5.3.08

La traversée du miroir




"[...] J'ai connu autre fois un homme d'une fort médiocre beauté mais équipé d'une sensibilité si aiguë et doué d'une vélocité d'esprit tellement excessive qu'il n'avait jamais pu trouver deux fois de suite son visage sans le même miroir- il suffisait qu'il abaissât, dans un clin d'œil la paupière- il avait devant lui une autre image.

Il me dit- vous comprendrez, j'en suis sûr, que je ne me connais absolument pas moi-même.

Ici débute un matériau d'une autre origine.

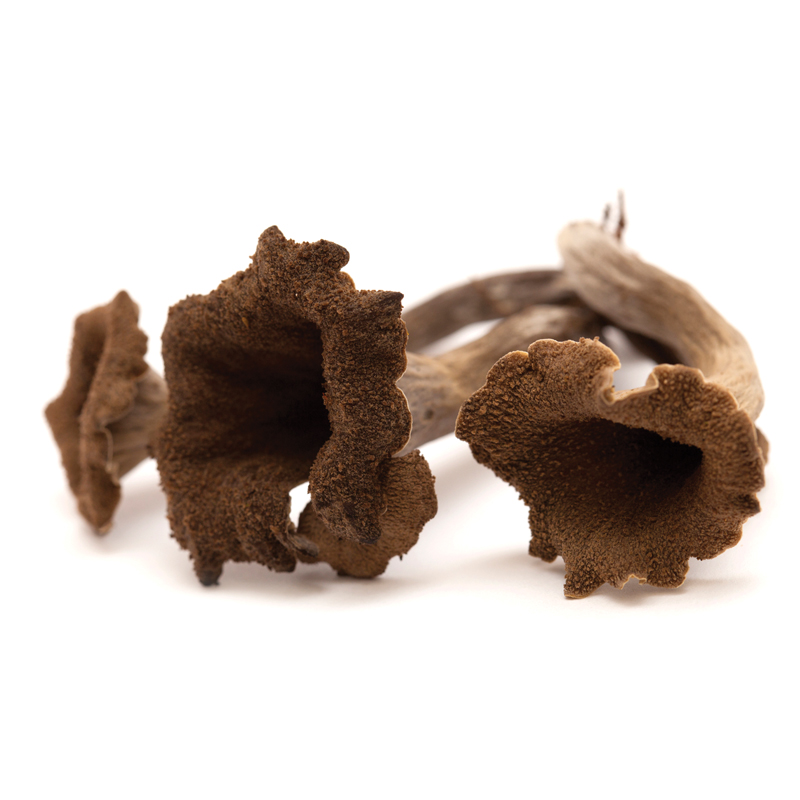 black trumpet mushrooms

Et comme je ne connais pas davantage les autres, qui changent sous mes yeux aussi vite que ma propre image dans la glace, je commence à croire qu'il n'y a jamais eu au monde, ni personne, et à me demander ce qu'il y aurait de changer pour moi et pour les autres si nous nous décidions à anticiper sur cette fin du monde en dégradé, et dégradante, en effet, qui livre, avec tant d'indifférence l'homme aux caprices du temps

Et les hommes -détachés de l’humanité par la mort comme les grains de sable des rochers par le flot tout aussi inlassable- s’en vont un à un fournir la matière anonyme des vastes étendues de l’éternel oubli. [...]"

Pierre Reverdy in La liberté des Mers p:42-43.